ABOUT THIS TASK |
Write down, unchanged, the entries from the first line through the line holding "Question 64. Hotspot.". Include no other line.

▼

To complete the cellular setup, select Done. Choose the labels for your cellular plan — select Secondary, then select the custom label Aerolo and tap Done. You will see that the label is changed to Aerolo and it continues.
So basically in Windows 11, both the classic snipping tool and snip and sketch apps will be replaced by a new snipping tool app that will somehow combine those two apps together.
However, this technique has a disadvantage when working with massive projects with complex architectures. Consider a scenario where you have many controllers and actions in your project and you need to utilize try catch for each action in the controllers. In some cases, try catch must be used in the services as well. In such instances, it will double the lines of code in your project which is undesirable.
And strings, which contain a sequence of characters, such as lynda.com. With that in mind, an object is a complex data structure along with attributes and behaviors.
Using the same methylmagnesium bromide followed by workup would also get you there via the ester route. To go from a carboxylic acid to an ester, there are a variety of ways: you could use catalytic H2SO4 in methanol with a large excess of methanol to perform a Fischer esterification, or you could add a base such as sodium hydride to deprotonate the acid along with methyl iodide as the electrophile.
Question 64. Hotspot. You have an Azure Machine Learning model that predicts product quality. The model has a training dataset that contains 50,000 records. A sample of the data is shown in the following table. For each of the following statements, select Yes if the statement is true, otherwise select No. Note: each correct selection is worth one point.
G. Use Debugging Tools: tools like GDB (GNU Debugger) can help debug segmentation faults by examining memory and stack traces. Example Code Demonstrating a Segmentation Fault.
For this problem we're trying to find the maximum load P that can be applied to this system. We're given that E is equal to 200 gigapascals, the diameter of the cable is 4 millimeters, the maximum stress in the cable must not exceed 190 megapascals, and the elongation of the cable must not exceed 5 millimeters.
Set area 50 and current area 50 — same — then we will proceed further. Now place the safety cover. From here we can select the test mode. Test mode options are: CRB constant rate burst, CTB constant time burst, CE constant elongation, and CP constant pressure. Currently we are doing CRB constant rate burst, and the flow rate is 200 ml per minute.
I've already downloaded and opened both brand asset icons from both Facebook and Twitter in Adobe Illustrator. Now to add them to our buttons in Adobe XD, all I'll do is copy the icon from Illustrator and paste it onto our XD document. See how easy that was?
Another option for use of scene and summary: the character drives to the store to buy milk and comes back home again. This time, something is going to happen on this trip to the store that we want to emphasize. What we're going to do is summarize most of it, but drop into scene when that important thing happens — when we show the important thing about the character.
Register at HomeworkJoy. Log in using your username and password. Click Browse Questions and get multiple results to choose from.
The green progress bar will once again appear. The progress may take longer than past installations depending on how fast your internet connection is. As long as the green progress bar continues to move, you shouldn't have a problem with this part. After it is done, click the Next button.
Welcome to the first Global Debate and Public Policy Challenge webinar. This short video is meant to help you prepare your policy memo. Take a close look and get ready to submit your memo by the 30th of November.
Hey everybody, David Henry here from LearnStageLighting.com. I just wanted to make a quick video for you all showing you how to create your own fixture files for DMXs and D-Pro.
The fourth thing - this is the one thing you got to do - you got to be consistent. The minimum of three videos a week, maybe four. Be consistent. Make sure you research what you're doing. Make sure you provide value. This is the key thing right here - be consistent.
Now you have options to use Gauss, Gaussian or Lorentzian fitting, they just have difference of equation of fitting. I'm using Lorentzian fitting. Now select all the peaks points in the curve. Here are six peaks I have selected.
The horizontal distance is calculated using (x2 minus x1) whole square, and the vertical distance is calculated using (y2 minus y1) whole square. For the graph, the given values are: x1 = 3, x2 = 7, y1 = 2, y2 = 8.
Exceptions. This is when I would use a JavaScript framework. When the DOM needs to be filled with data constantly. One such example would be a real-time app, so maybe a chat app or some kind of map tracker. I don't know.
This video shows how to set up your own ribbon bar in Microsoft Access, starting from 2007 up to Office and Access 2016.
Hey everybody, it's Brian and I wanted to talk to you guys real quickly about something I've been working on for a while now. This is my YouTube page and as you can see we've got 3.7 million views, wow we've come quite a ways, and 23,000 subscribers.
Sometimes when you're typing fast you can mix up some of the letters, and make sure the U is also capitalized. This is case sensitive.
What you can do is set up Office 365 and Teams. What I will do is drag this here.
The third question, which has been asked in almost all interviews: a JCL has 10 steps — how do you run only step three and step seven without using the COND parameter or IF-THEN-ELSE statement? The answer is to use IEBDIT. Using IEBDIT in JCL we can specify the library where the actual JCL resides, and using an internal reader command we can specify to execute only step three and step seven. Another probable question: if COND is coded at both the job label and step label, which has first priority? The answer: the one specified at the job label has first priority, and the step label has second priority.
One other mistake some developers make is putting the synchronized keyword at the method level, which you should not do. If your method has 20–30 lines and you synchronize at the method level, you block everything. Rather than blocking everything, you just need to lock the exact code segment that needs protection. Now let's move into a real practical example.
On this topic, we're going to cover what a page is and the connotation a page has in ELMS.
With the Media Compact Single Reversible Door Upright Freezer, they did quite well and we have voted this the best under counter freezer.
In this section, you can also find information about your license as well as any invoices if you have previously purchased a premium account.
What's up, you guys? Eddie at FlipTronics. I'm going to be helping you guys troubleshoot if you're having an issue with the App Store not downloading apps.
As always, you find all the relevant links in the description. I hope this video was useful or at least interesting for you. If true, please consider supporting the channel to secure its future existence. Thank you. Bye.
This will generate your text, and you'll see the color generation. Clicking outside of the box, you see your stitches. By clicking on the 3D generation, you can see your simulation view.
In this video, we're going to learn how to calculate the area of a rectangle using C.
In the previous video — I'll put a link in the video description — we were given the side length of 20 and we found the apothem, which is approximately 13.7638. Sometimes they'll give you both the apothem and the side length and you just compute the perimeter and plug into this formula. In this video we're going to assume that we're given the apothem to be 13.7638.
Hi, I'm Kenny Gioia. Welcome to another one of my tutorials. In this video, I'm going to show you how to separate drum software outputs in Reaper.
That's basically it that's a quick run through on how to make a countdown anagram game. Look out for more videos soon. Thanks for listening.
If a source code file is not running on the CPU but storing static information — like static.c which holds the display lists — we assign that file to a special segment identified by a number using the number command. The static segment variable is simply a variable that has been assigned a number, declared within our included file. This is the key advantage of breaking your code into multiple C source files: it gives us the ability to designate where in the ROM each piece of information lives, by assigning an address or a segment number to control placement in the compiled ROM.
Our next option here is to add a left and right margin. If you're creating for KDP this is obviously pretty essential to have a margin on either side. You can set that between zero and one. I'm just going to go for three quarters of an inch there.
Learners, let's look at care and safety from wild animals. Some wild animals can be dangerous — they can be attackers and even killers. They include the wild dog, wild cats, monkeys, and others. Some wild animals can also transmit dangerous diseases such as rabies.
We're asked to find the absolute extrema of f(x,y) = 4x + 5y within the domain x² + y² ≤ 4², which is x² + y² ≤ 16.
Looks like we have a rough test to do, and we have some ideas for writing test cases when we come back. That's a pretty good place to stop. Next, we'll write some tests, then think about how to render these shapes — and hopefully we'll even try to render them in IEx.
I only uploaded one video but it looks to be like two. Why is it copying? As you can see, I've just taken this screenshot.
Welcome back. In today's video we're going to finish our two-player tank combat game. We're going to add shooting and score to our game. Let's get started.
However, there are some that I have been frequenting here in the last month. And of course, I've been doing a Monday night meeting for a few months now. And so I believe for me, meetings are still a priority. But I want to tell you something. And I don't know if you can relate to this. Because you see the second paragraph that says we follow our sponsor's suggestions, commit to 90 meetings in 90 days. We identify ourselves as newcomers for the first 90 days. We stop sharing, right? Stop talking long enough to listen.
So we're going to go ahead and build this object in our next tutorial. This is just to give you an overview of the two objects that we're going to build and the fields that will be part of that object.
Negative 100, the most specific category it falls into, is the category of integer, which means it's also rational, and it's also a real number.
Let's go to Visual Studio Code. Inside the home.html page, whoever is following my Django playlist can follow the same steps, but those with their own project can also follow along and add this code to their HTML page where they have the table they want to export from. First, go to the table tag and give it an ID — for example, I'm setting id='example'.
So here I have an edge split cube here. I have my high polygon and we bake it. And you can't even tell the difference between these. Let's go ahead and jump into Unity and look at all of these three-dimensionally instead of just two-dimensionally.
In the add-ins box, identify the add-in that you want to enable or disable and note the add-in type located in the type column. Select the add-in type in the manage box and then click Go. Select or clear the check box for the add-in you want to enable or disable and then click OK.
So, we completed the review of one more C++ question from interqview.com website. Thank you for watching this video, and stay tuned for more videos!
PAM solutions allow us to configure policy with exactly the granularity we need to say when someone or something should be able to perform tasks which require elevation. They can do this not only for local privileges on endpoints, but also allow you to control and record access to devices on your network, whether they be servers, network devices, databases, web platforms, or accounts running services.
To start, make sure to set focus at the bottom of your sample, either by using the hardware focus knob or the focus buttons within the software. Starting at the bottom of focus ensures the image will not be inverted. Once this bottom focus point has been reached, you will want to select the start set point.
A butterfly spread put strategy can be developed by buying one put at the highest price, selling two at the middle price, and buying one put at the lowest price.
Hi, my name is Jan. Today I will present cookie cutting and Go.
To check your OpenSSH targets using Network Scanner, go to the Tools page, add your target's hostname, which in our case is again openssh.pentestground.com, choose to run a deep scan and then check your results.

▲

ANSWER TO THIS EXERCISE |
To complete the cellular setup, select Done. Choose the labels for your cellular plan — select Secondary, then select the custom label Aerolo and tap Done. You will see that the label is changed to Aerolo and it continues.
So basically in Windows 11, both the classic snipping tool and snip and sketch apps will be replaced by a new snipping tool app that will somehow combine those two apps together.
However, this technique has a disadvantage when working with massive projects with complex architectures. Consider a scenario where you have many controllers and actions in your project and you need to utilize try catch for each action in the controllers. In some cases, try catch must be used in the services as well. In such instances, it will double the lines of code in your project which is undesirable.
And strings, which contain a sequence of characters, such as lynda.com. With that in mind, an object is a complex data structure along with attributes and behaviors.
Using the same methylmagnesium bromide followed by workup would also get you there via the ester route. To go from a carboxylic acid to an ester, there are a variety of ways: you could use catalytic H2SO4 in methanol with a large excess of methanol to perform a Fischer esterification, or you could add a base such as sodium hydride to deprotonate the acid along with methyl iodide as the electrophile.
Question 64. Hotspot. You have an Azure Machine Learning model that predicts product quality. The model has a training dataset that contains 50,000 records. A sample of the data is shown in the following table. For each of the following statements, select Yes if the statement is true, otherwise select No. Note: each correct selection is worth one point.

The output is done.